• **Task data**:
Content starts
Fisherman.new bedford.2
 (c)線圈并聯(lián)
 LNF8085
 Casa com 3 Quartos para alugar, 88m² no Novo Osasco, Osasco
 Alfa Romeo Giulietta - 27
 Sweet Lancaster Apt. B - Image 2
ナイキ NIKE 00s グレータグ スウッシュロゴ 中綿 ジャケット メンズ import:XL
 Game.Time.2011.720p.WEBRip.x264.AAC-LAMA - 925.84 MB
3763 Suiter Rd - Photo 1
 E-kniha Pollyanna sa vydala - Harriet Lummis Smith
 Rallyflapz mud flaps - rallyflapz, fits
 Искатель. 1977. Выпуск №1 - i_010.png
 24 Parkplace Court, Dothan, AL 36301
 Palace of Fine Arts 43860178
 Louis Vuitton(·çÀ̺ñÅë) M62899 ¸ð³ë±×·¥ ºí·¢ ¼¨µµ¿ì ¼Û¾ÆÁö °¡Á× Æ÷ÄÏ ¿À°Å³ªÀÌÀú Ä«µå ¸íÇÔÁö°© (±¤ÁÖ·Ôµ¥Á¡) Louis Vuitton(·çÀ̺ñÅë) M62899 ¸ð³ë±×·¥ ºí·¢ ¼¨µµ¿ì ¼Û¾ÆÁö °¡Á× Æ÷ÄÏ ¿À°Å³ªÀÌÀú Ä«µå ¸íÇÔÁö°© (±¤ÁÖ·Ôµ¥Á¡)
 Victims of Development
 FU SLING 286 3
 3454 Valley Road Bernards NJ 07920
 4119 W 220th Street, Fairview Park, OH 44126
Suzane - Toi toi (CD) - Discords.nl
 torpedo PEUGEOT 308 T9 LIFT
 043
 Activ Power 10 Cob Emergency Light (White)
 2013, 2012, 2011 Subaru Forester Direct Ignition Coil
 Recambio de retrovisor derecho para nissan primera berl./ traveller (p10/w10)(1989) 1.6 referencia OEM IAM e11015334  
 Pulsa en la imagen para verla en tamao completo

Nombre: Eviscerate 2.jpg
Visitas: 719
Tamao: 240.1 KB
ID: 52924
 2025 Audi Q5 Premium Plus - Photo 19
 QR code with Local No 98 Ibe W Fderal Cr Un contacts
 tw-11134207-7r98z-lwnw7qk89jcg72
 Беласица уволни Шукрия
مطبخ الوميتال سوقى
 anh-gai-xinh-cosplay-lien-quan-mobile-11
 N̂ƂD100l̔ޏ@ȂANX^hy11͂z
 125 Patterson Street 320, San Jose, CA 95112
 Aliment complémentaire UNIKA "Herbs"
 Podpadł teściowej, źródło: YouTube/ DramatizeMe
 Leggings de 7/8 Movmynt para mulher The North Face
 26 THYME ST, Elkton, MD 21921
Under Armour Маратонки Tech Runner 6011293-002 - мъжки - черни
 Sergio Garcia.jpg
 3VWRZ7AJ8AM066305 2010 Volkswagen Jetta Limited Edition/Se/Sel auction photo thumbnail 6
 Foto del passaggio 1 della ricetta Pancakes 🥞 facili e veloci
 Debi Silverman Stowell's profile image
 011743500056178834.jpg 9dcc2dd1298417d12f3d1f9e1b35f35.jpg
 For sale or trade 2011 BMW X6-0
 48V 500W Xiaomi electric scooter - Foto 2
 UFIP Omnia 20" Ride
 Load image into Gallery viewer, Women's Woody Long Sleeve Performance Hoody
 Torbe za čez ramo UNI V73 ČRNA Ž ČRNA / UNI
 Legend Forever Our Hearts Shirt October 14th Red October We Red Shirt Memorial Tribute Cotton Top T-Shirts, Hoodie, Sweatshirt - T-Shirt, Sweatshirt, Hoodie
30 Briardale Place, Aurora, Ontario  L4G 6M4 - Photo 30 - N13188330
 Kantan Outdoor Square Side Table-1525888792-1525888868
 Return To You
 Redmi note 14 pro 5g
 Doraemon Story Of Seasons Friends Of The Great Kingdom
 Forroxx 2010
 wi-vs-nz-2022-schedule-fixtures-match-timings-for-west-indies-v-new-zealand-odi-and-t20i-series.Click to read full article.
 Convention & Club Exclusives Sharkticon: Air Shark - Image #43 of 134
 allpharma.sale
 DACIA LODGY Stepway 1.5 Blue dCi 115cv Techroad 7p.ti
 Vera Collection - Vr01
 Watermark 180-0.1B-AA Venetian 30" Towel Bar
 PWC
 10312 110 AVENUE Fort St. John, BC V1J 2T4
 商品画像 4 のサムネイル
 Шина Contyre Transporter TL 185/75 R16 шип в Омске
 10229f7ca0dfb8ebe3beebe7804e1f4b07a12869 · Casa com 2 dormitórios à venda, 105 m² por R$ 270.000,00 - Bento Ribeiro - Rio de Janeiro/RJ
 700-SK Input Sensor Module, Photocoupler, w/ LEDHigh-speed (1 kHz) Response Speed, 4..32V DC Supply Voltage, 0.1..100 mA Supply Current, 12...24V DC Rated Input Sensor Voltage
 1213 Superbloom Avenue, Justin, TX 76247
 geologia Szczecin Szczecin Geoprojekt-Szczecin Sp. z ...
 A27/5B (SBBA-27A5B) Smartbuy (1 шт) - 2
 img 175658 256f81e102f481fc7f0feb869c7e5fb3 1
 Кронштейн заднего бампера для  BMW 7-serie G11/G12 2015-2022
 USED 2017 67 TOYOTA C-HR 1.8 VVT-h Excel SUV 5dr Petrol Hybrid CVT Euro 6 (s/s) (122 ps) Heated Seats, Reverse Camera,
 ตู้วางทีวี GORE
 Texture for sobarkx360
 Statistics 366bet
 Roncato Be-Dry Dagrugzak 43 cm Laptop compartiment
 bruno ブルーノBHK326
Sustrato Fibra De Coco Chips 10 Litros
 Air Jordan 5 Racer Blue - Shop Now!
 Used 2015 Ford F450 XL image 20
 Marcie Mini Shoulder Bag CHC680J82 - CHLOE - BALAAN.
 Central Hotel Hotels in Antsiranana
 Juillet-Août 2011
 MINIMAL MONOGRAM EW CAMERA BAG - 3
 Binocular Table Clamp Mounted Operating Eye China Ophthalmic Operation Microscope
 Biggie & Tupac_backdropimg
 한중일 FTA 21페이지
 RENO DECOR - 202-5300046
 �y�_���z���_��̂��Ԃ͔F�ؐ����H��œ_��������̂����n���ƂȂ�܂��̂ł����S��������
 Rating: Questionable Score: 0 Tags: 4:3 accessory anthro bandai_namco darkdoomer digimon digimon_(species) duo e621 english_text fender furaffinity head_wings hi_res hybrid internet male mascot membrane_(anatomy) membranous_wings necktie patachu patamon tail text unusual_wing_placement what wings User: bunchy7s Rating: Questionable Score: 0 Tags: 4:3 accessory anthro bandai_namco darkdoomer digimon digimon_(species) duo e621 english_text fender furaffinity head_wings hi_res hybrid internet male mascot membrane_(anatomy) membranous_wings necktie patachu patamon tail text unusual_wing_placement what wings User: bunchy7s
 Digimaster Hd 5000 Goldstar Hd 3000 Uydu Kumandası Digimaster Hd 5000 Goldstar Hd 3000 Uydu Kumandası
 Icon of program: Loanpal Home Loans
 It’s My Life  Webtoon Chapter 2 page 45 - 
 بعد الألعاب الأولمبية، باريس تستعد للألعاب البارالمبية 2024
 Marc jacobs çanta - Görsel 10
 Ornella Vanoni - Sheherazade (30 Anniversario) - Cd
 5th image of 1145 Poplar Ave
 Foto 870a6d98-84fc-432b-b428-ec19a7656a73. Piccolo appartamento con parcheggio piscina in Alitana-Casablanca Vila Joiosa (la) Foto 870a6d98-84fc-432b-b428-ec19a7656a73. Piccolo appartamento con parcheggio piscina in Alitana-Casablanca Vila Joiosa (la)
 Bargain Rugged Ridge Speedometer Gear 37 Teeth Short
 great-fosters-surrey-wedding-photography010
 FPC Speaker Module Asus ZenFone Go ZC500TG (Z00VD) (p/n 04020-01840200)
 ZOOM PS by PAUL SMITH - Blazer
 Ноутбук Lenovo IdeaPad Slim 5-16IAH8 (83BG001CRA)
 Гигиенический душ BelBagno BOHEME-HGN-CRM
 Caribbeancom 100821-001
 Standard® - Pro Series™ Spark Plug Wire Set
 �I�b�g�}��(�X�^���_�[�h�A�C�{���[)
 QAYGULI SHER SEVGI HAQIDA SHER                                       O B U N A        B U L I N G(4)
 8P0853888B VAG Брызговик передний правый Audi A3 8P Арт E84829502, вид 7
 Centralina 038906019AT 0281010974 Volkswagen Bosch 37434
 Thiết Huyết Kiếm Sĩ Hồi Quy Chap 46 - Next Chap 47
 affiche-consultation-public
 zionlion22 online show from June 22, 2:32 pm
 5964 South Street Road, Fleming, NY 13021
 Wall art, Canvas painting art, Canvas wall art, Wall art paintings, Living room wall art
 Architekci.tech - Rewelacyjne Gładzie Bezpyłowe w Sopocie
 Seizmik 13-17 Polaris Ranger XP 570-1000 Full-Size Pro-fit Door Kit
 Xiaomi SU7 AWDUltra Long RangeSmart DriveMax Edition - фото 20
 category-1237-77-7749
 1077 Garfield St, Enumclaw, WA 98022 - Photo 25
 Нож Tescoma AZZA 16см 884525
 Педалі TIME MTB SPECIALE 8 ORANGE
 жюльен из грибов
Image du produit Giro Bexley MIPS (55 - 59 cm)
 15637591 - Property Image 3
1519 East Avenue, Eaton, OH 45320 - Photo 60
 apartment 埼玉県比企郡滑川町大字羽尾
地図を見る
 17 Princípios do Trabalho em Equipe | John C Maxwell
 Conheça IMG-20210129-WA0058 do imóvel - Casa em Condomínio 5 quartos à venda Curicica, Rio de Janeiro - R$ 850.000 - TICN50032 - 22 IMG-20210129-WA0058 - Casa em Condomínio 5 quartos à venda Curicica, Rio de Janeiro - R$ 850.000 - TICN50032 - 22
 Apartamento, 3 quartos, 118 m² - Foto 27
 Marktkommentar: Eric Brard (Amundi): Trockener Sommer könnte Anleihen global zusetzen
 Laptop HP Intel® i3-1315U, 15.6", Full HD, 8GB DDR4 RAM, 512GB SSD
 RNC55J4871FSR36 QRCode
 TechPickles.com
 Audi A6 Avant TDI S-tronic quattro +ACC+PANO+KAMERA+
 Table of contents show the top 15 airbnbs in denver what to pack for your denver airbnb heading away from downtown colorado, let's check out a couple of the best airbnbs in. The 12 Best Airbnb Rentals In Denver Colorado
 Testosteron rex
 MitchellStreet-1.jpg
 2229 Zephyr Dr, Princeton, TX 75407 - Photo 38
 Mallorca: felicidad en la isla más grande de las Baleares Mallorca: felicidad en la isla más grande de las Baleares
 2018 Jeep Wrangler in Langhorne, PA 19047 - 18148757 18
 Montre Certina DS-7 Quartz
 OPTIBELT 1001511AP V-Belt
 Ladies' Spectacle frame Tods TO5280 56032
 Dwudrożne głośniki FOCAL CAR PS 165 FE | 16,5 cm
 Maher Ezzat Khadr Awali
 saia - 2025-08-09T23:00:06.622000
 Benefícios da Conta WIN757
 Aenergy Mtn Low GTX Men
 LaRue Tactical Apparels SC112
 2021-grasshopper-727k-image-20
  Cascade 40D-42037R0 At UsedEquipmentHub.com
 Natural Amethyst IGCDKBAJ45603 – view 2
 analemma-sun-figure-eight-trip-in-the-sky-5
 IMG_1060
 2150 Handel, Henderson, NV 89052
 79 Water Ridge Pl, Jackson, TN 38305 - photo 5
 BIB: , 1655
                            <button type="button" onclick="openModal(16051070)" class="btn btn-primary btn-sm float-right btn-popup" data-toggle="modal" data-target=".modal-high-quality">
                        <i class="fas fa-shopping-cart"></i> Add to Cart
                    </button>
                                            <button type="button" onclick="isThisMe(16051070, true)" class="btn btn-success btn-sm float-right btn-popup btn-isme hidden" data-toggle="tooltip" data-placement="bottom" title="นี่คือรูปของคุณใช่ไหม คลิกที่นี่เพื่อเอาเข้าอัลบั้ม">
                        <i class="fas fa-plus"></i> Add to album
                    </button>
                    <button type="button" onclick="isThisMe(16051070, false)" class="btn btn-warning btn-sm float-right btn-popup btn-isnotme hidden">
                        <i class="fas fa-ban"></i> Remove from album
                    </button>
Content ends
• **Work task**: Out of the data above, give again only the lines starting at the one holding "Bargain Rugged Ridge" and ending at the one holding "Ноутбук Lenovo IdeaPad", unchanged.

• **Response area**:
 Bargain Rugged Ridge Speedometer Gear 37 Teeth Short
 great-fosters-surrey-wedding-photography010
 FPC Speaker Module Asus ZenFone Go ZC500TG (Z00VD) (p/n 04020-01840200)
 ZOOM PS by PAUL SMITH - Blazer
 Ноутбук Lenovo IdeaPad Slim 5-16IAH8 (83BG001CRA)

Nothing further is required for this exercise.